Auf den Spuren von Robert Walser

Ganz überrascht steht die Stadtführerin Martina Kuoni vor den rund dreissig Neugierigen, die ihr heute auf den Spuren von Robert Walser durch die Stadt Zürich folgen möchten. Mit so vielen Besuchern hat die Germanistin wohl nicht gerechnet, die seit der Gründung von Literaturspur solche literarischen Stadtrundgänge zu ihrem Beruf gemacht hat.

Robert Walser war selbst ein begeisterter Spaziergänger und wanderte im Jahre 1896 zu Fuss von Stuttgart nach Zürich, wo er seine Laufbahn als Schriftsteller begann. Bis 1905 lebte er in verschiedenen Wohnungen in der Innenstadt, denen der Rundgang folgt – vom Grossmünsterplatz über die Schipfe, die Froschaugasse, dem Neumarkt und der Spiegelgasse bis zur Trittligasse. Walser zog nicht nur viel um, er liess sich bei der Schreibstube für Stellenlose in der Schipfe auch immer wieder neue Stellen als Schreibkraft vermitteln – unter anderen die Stelle in Wädenswil, die ihn zu seinem Roman «Der Gehülfe» inspirierte. Die Villa zum Abendstern, in der Walser selbst als Gehülfe bei der wohlhabenden Familie Dubler gewohnt hat und innerhalb eines halben Jahres deren Konkurs miterlebte, gibt es auch heute noch zu besichtigen.
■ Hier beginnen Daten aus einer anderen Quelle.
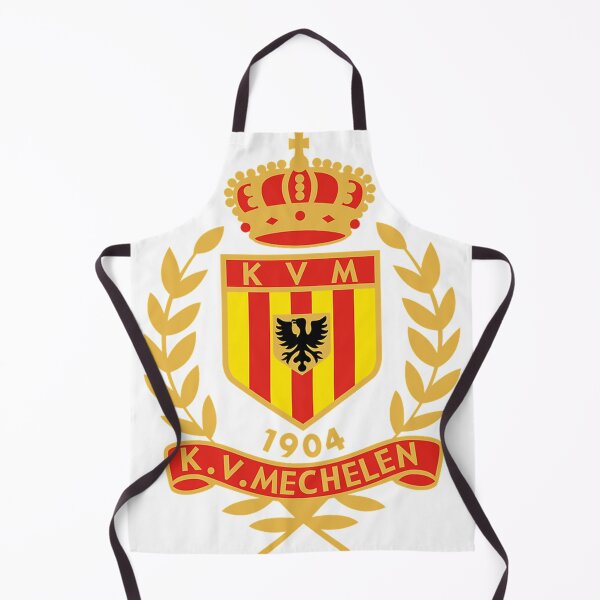 Item preview, K.V. Mechelen designed and sold by Marleyhiel.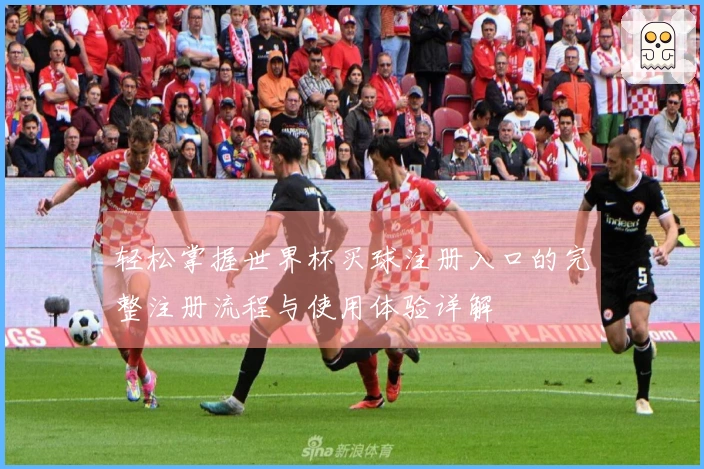 轻松掌握世界杯买球注册入口的完整注册流程与使用体验详解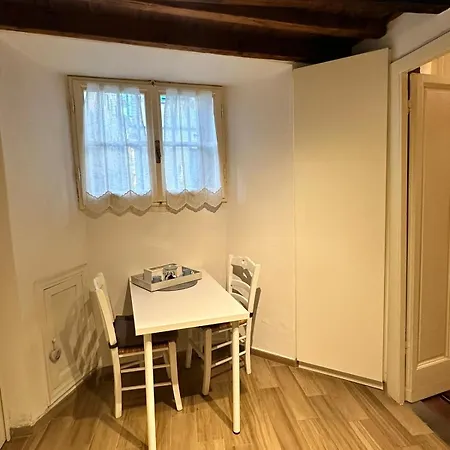 Casa Da Verrazzano * Firenze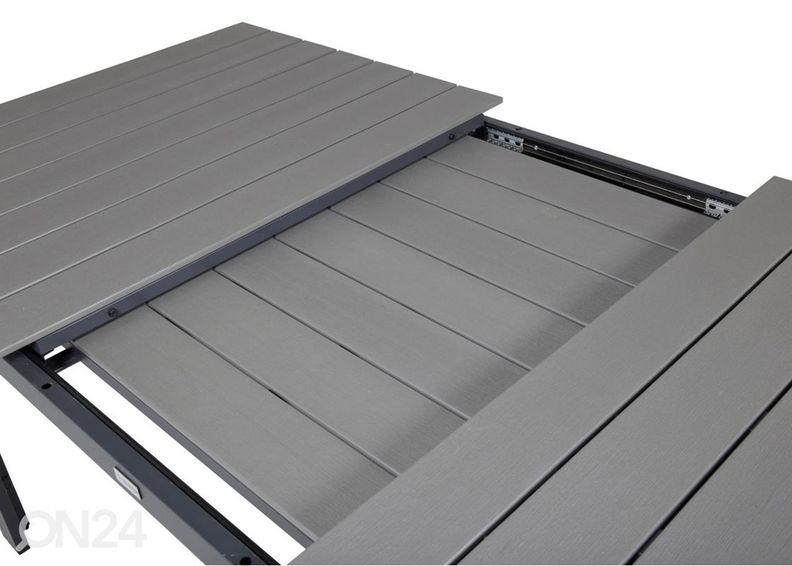 Раздвижной садовый стол Levels 160/240 увеличить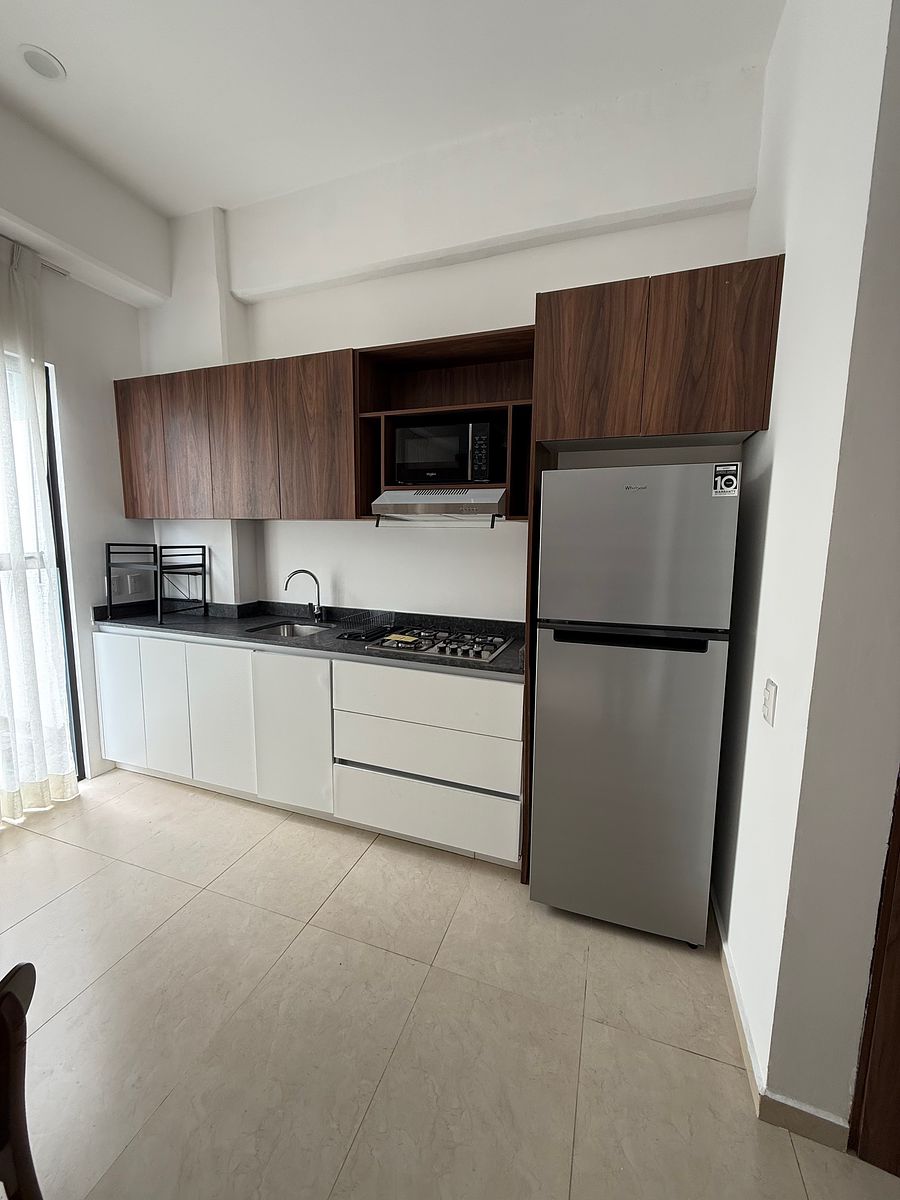 Apartamento em Jocotan, Zapopan, foto 2 de 15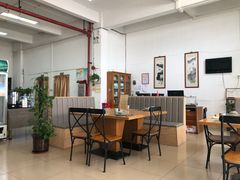 -广州素食学校·素猫豆腐(长洲码头店)
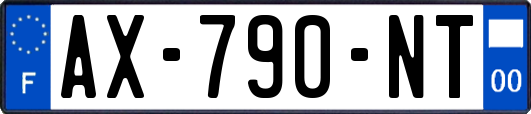 AX-790-NT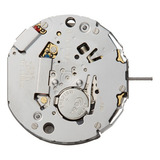 Máquina Para Relógio De Pulso Miyota Js00 Cronógrafo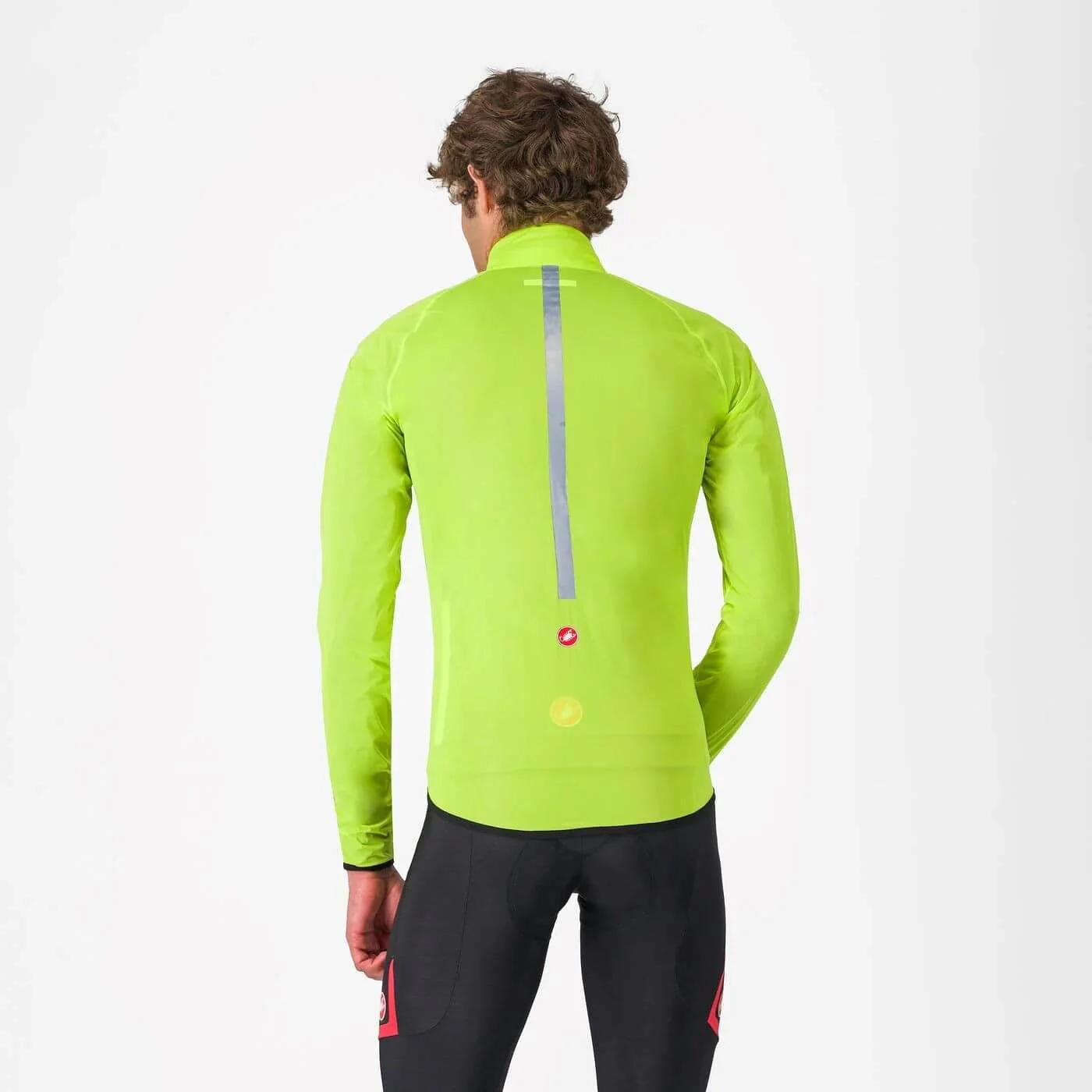 Veste Squall Shell - Homme | Castelli - Image 6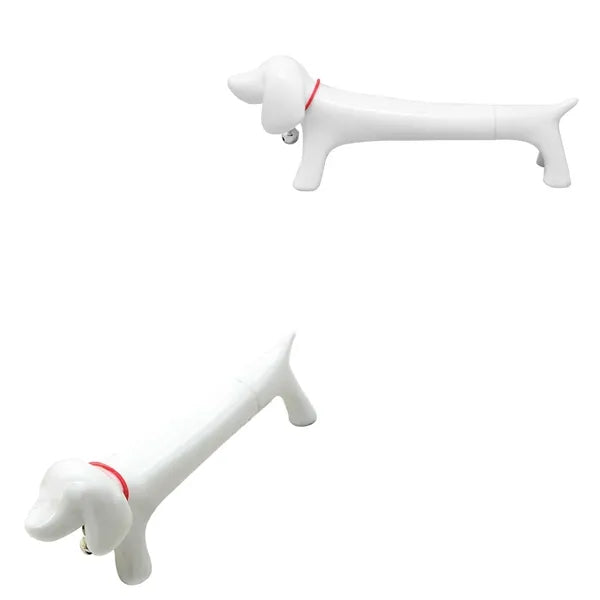 Dog Shaped Pen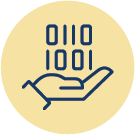 Public Data + Request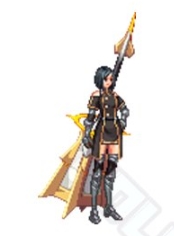 《DNF》2023奥特曼联动武器装扮一览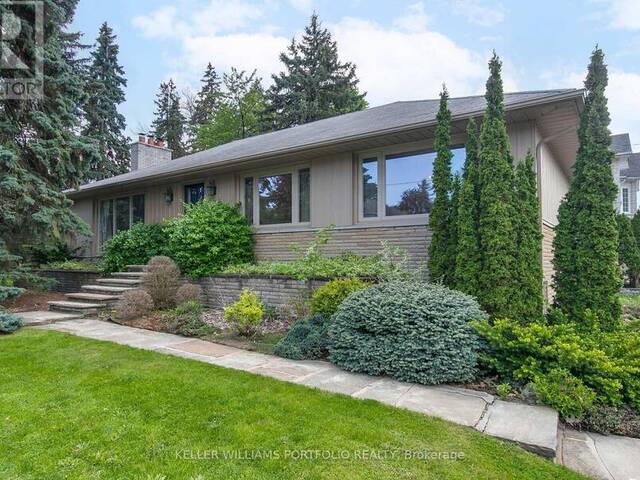 29 WINLOCK PARK Toronto Ontario, M2M 1Z1 - 3 Bedrooms Home For Sale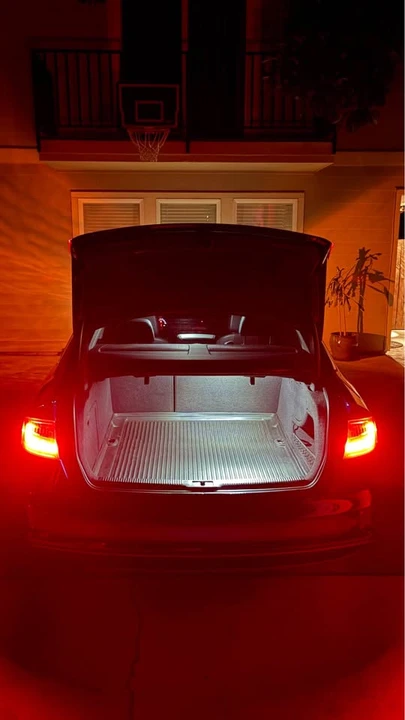 2014 Audi B8 A4 - Image 11 of 13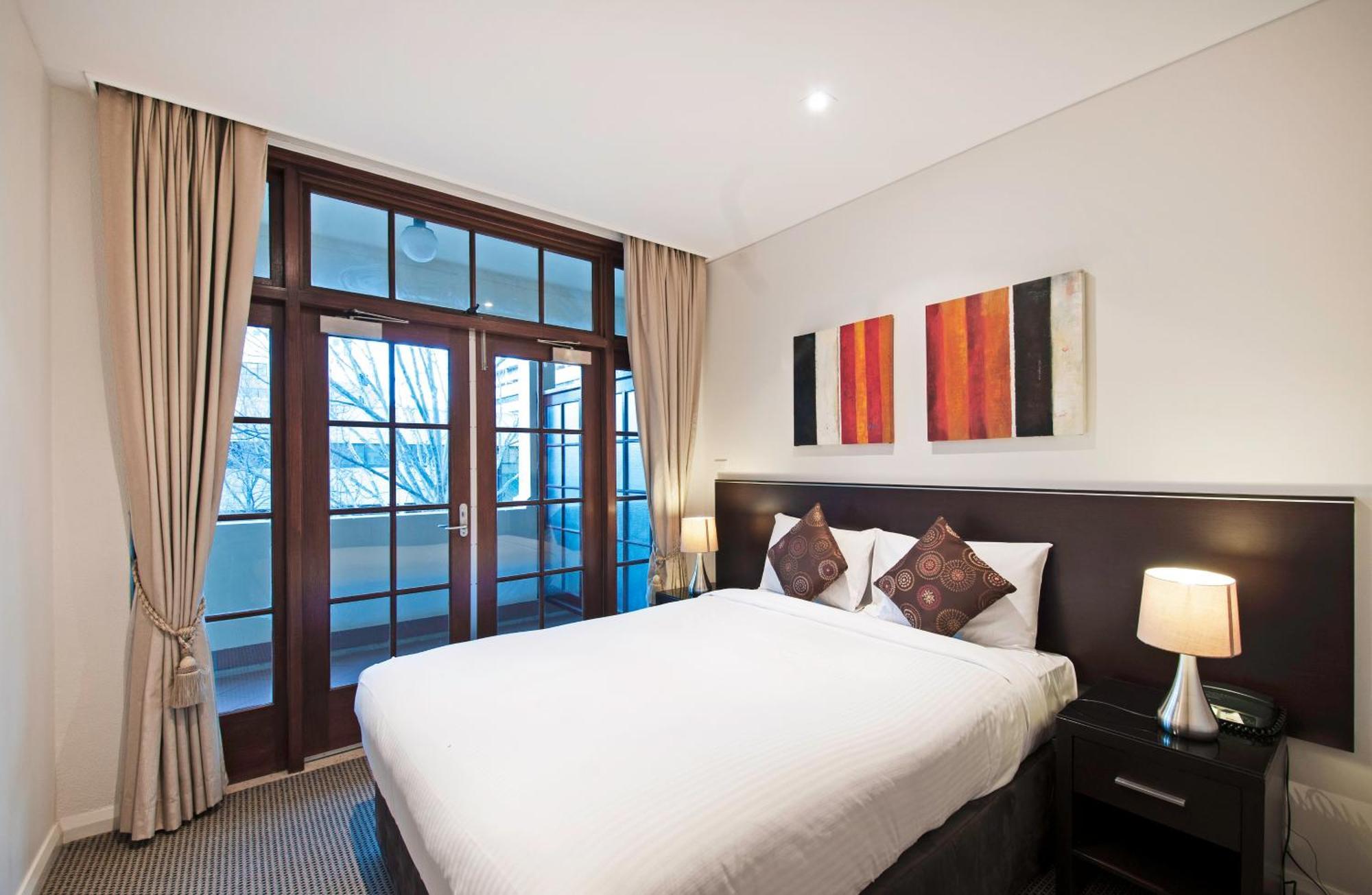 Quest Canberra Camberra Exterior foto
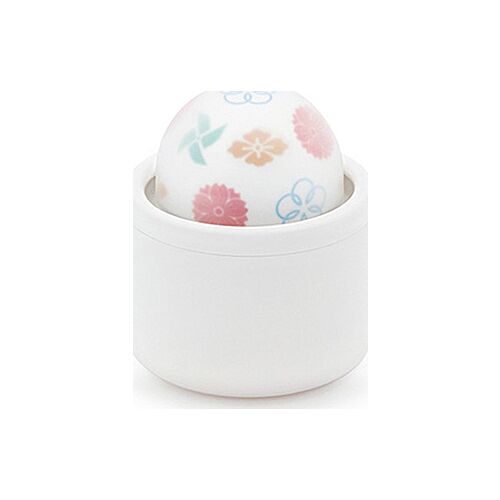 Vibromasseur externe Iroha Temari Kaze silencieux rechargeable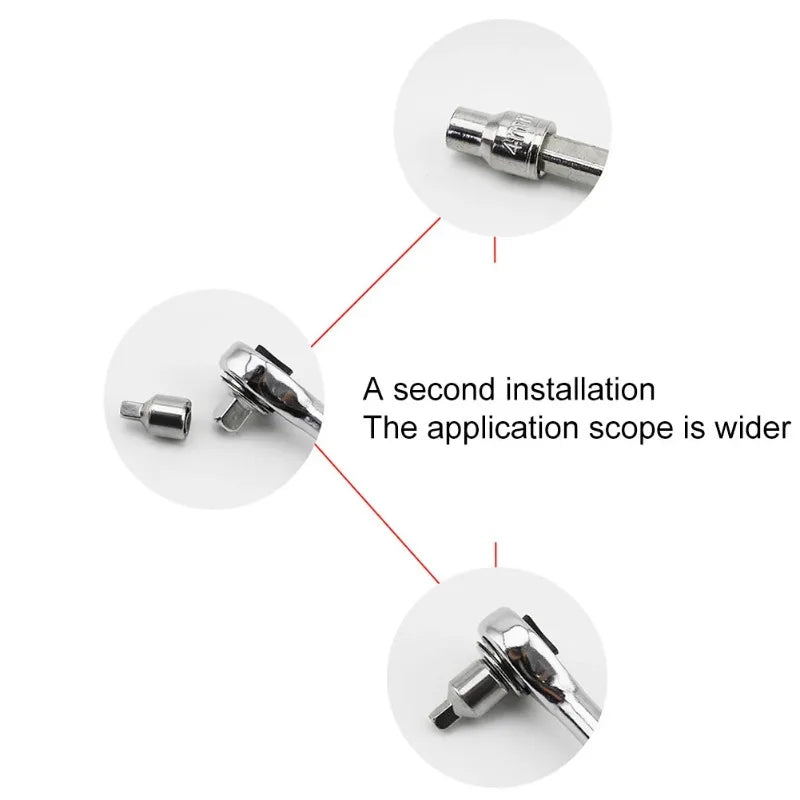 40 pçs/ kit de ferramentas manuais de reparo automático conjunto de ferramentas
Beim Spaziergang konnten sogar eingefleischte Zürcher neue Gassen entdecken – wie zum Beispiel die Robert-Walser-Gasse bei der St. Peterskirche – und Interessantes über den zu Lebzeiten wenig erfolgreichen Schweizer Autor erfahren. Etwa, dass Walser eigentlich Schauspieler werden wollte. Bei diesem Versuch soll ihn sein Bruder Karl Walser auf einer Aquarellzeichnung als Karl Moor aus Schillers «Die Räuber» verewigt haben. Die schlechte Resonanz auf seine schauspielerischen Versuche verarbeitete Walser schliesslich in «Die Talentprobe». Anders als Robert Walser war sein Bruder Karl zu Lebzeiten ein erfolgreicher Künstler, der sich als Wandmaler und Buchillustrator einen Namen verschaffte.

Dass Walsers letzter Wohnort für beinahe dreissig Jahre eine Heil- und Pflegeanstalt in Herisau war, wird beim Spaziergang nur kurz erwähnt. Doch diese befindet sich auch in dessen Heimatkanton und nicht in Zürich. Gerade weil hier keine Tafeln auf die Spuren Robert Walsers aufmerksam machen, eröffnete der literarische Spaziergang eine neue Sicht auf die verwinkelten Gassen Zürichs.